Cops found 550 rounds of ammo, six guns and narcotics in Tank Johnson‘s house? What is the official Taser gun of the NFL?
Not only were many 7-8 teams alive in the last weekend, but the Seahawks, 9-7, won the NFC West and a home playoff game having allowed six more points than they scored.
Why do fools fall in love? The cost of Mets seasons’ tickets to field-box seats at Shea have increased 42.5 percent in the last two years, 235 percent in the last 10. (Thanks to abused Mets fan/reader Jack Waslin for doing the math).
George Kalinsky, Madison Square Garden’s head photographer for nearly 40 years – and The Garden’s most enduring sweetheart – has been elected to the National Jewish Sports Hall of Fame. He’ll be inducted this spring.

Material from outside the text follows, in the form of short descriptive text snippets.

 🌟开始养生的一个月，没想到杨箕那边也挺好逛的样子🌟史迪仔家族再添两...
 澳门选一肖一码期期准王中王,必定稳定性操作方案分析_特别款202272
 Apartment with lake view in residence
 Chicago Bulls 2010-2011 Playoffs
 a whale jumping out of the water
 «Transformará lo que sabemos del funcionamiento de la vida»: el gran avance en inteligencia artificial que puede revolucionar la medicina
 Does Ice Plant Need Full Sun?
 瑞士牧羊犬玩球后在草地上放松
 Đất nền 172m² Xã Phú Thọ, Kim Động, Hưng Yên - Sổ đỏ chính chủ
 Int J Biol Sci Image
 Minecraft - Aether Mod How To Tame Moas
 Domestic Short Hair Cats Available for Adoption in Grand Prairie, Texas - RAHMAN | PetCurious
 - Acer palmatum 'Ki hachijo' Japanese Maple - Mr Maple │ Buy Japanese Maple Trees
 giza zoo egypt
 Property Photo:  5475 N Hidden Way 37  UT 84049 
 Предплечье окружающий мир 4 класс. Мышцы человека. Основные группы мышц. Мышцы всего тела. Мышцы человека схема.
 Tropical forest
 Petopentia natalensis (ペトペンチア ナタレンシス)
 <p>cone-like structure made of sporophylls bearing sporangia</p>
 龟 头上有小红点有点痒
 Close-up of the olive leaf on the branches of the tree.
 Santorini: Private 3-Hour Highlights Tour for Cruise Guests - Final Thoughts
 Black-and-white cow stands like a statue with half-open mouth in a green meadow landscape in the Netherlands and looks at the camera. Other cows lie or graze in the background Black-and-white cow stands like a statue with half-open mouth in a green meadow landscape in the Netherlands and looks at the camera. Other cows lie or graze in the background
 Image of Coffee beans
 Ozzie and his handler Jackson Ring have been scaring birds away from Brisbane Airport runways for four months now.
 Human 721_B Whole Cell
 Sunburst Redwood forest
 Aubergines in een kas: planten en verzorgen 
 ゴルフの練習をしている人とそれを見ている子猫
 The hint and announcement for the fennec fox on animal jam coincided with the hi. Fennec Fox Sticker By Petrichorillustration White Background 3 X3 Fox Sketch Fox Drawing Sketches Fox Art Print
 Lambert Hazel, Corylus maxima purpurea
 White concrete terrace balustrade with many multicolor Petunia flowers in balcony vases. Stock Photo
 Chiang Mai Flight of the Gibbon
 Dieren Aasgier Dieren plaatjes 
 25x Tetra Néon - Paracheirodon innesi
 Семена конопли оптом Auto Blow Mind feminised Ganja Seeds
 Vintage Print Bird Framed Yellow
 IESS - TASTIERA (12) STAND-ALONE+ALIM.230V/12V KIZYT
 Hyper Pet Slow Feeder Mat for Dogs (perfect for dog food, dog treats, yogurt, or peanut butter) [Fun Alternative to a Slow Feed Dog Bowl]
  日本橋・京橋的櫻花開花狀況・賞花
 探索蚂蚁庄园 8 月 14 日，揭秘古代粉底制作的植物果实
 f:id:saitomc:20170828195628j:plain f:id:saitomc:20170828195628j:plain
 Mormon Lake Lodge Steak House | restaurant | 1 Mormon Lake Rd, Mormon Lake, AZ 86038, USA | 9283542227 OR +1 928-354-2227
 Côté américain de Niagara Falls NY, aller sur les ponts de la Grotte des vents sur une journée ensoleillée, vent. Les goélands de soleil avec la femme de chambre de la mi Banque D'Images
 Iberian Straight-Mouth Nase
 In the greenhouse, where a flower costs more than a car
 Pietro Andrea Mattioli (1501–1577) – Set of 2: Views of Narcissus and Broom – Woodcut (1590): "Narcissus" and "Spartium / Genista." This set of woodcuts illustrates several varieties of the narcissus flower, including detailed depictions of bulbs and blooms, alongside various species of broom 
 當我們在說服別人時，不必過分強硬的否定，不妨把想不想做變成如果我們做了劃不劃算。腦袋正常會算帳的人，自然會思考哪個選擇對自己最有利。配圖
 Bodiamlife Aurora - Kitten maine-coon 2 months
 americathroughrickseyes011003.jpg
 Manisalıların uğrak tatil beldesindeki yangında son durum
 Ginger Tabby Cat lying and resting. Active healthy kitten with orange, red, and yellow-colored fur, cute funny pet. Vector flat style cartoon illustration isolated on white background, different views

Too bad ESPN didn’t have the rights to Saddam Hussein’s hanging. There would have been that “Countdown To The Hanging” clock, followed by a “He Got Strung Up!” segment.
It’s not easy handicapping NFL playoff games when you don’t know whether, come kickoff, starters will be in jail, not allowed to leave the state, or even be alive.
So a friend, who should have known better, spent $40 to buy his 14-year-old son “Scene It?” for Christmas. It’s a sports trivia, DVD-attached ESPN game. And then both the kid and his dad immediately discovered that the game is laced with ESPN advertising – “SportsCenter” and Chris Berman nickname promotions – posed as questions.
While it stands to reason that Jon Kitna, QB for the 3-13 Lions, threw for 4,028 yards, the fourth-most yards in the NFL,this season, we’d bet that more than half of TV’s football experts, representing millions in salaries, would be startled.